_Instructions for the task_
Within the records that follow, restate exactly the lines from the line with "Apartamento con parqueadero y piscina - 8" down to the line with "Trillizos Konukevi Boiro", including both. Omit the pictures.

_Information given_
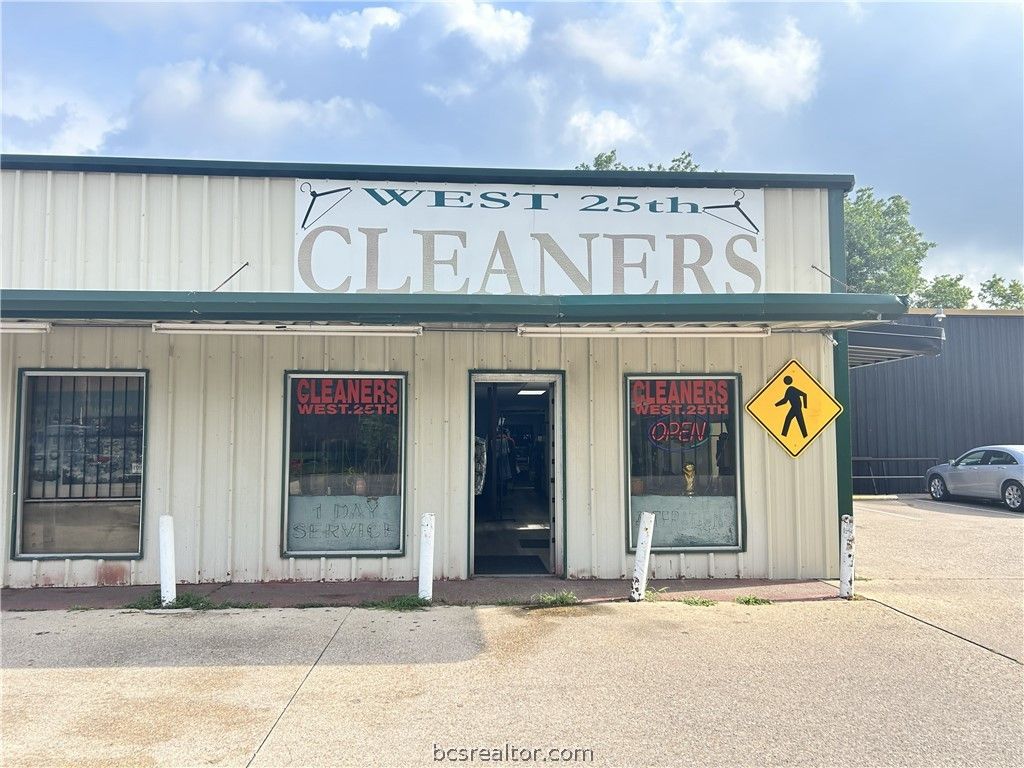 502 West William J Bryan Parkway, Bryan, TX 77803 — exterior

* * *

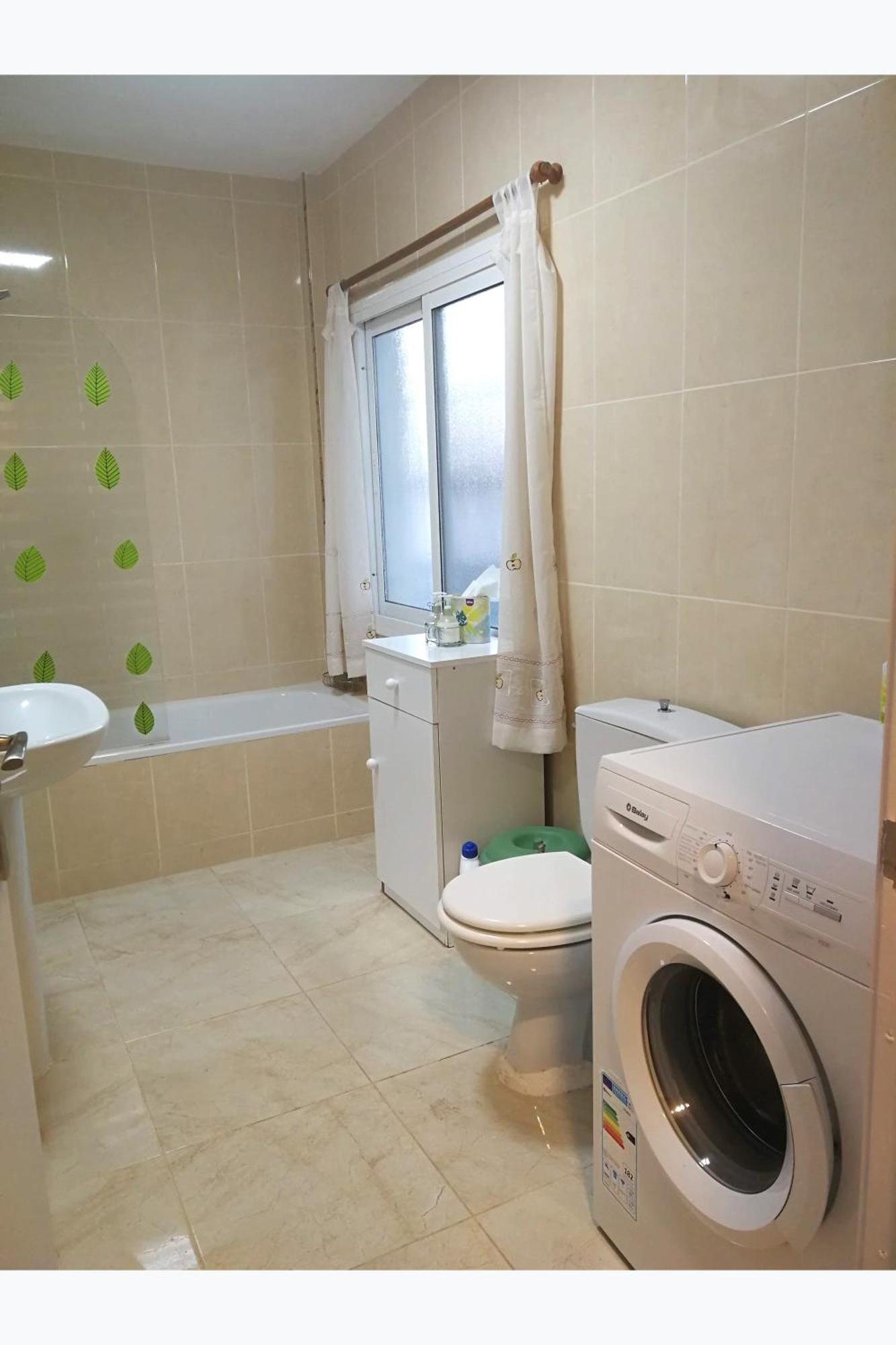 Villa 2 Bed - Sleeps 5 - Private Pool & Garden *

--

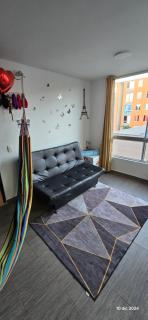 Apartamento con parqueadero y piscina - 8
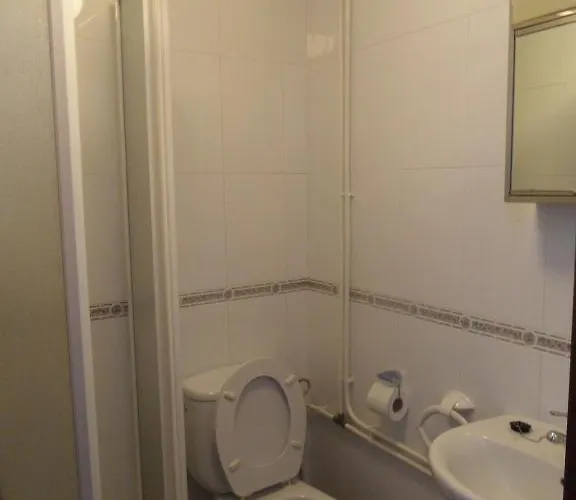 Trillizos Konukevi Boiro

_Task result_
 Apartamento con parqueadero y piscina - 8
 Trillizos Konukevi Boiro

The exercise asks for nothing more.